A repository for inverse designing multi-functional materials based on RCGAN, containing Abaqus simulation, post-processing, experimental analysis, and machine learning.
- Name: Xue Jiacheng
- Email: [email protected]
Below is the project file tree, with a brief introduction to each main folder:
Code_Project/
├── Abaqus/ # Scripts and configs for finite element modeling and simulation (Abaqus)
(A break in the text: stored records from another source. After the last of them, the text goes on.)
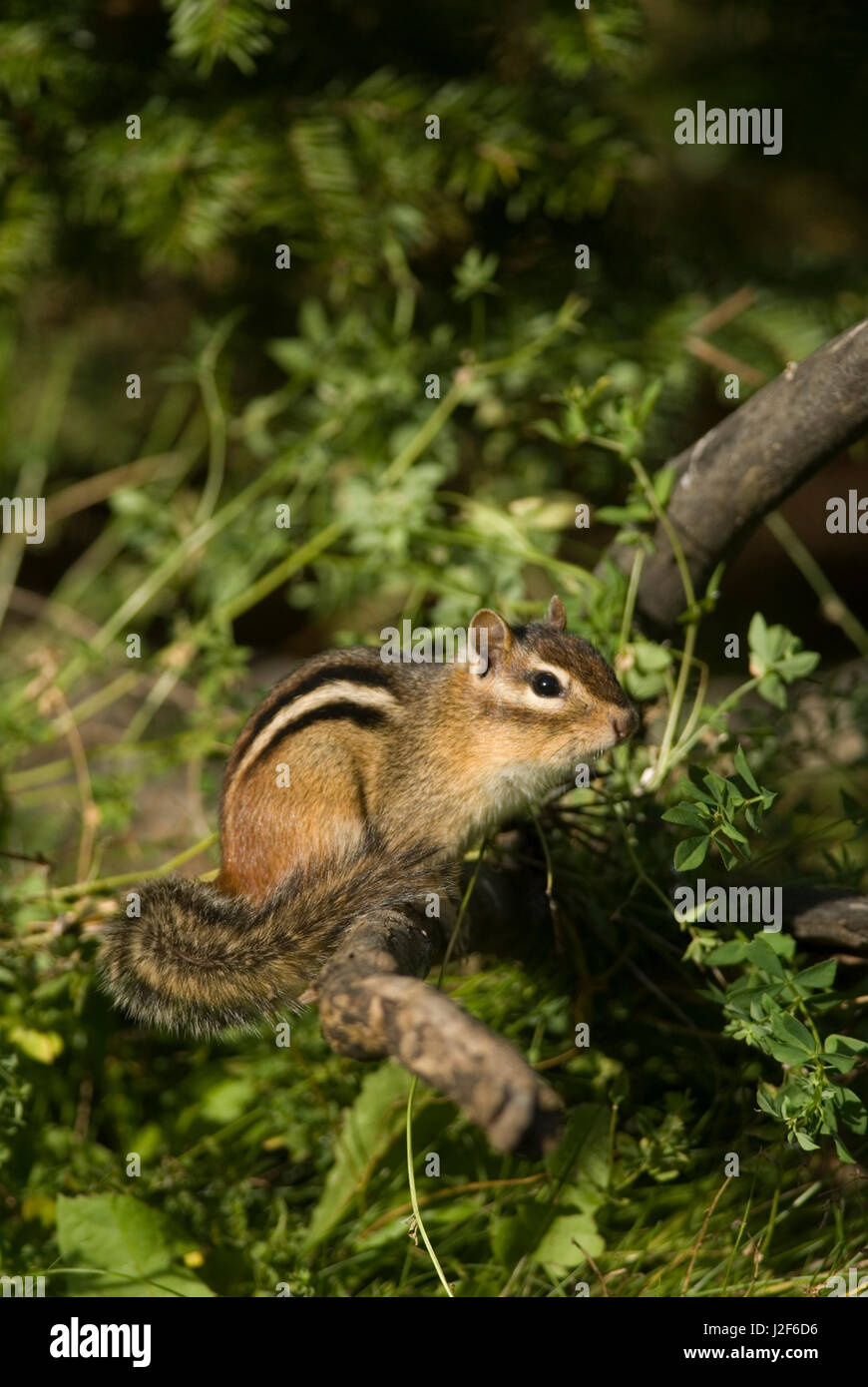 A Eastern Chipmunk (Tamias striatus) sitting on a branch. Stock Photo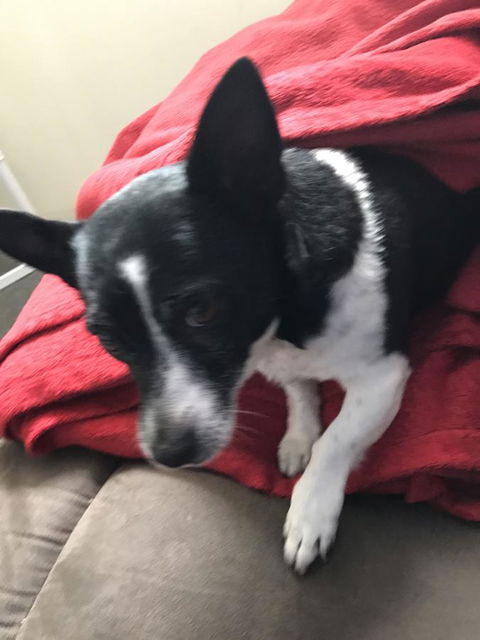 Nanango Star Motel - Accommodation QLD 15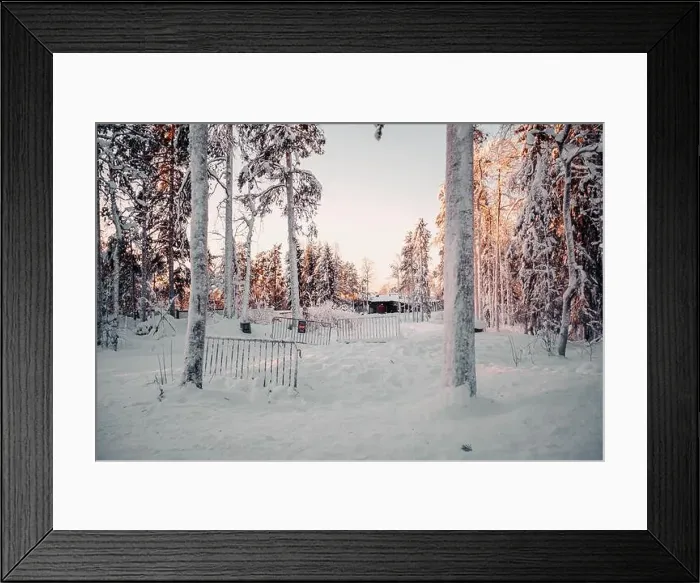 Framed Print : Snowy forest at sunset in wildlife park in Ranua, Lapland Framed Print : Snowy forest at sunset in wildlife park in Ranua, Lapland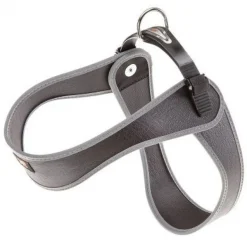 Youpet Arnes Little Fucxia A22 C500/39-45 P650/54-60 1un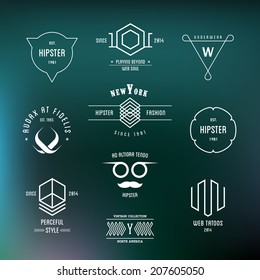 Vector Vintage Hipster Labels and icons for retro style design.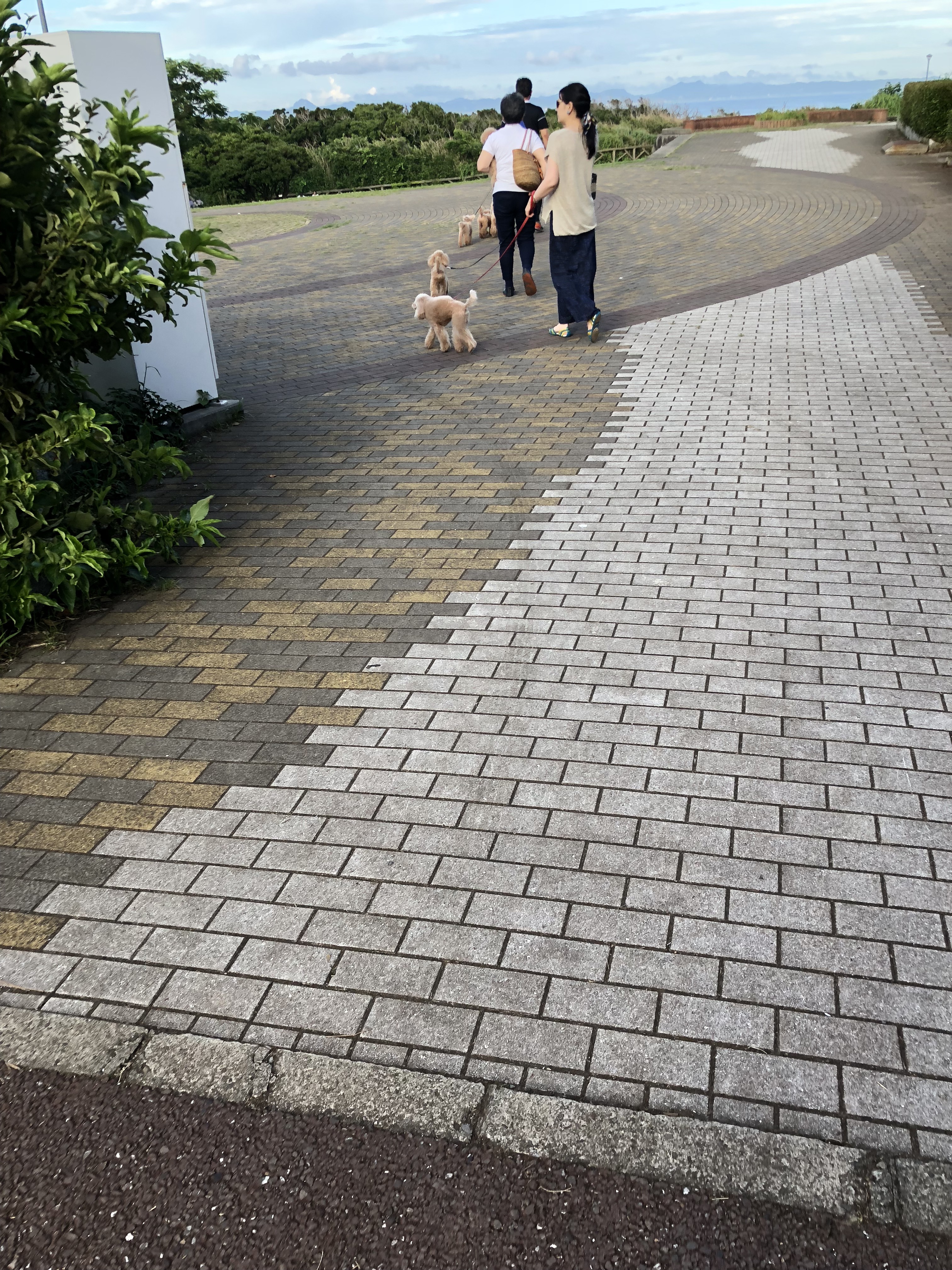 城ヶ島 ペットと遊ぶ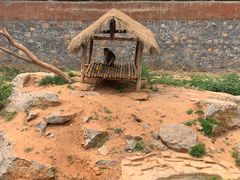 -济南野生动物世界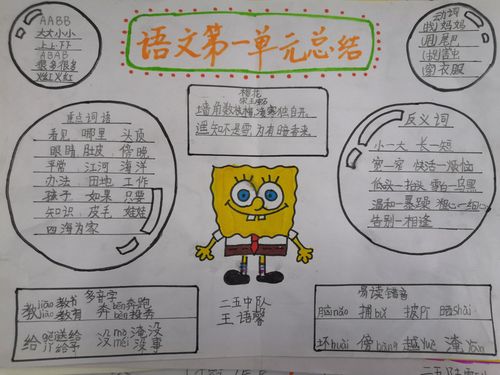 语文知识点总结安阳市钢三路小学二五班制作语文手抄报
│ ├── code/ # Python scripts for geometry, meshing, and post-processing
│ ├── FEM_config.json # Configuration file for simulation parameters
│ └── parameters.csv # Example parameter set for batch simulations
├── Exp/ # Experimental data and analysis scripts
│ ├── calib/ # Calibration scripts and data for experiments
│ └── possion_dic/ # Scripts/data for Poisson's ratio calculation from experiments
├── ML/ # Machine learning models and utilities
│ ├── dataset/ # Datasets for training and evaluation
│ ├── forward/ # Forward prediction model scripts
│ ├── modles.py # Model definitions
│ └── rcgan/ # RCGAN-based inverse design scripts
└── Readme.md # Project introduction and documentation
- Simulation: Use the scripts in
Abaqus/
to generate and simulate material structures under various parameter settings. - Experiment: Analyze experimental data in
Exp/
to extract material properties for model validation. - Machine Learning: Train and apply models in
ML/
to predict or design material structures with desired properties.
This integrated approach accelerates the discovery and optimization of advanced materials by combining simulation, experiment, and AI.